** Prompt **
Please write out exactly the lines of the data below from the line holding "Fototapeta na wymiar" through the line holding "Pizza, Funghi, Pomodori, Sfondo", and leave out the rest.

** Information shown **
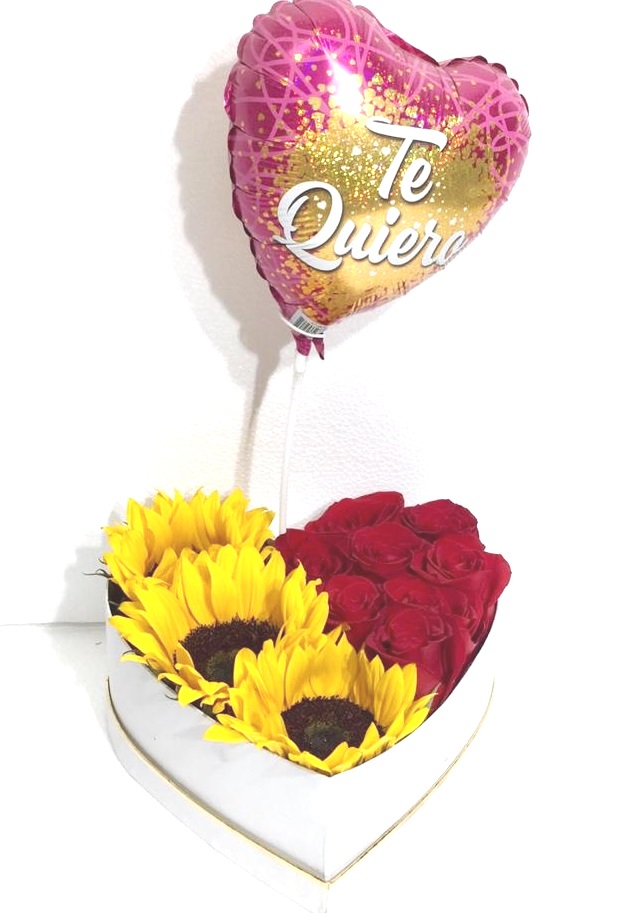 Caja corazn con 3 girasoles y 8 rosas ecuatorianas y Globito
...
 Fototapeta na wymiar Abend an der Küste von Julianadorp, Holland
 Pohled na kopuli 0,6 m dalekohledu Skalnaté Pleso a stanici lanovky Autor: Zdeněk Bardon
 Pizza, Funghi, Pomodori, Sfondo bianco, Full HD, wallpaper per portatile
* * *
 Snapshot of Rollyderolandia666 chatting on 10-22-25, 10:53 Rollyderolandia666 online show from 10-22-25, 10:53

** Written reply **
 Fototapeta na wymiar Abend an der Küste von Julianadorp, Holland
 Pohled na kopuli 0,6 m dalekohledu Skalnaté Pleso a stanici lanovky Autor: Zdeněk Bardon
 Pizza, Funghi, Pomodori, Sfondo bianco, Full HD, wallpaper per portatile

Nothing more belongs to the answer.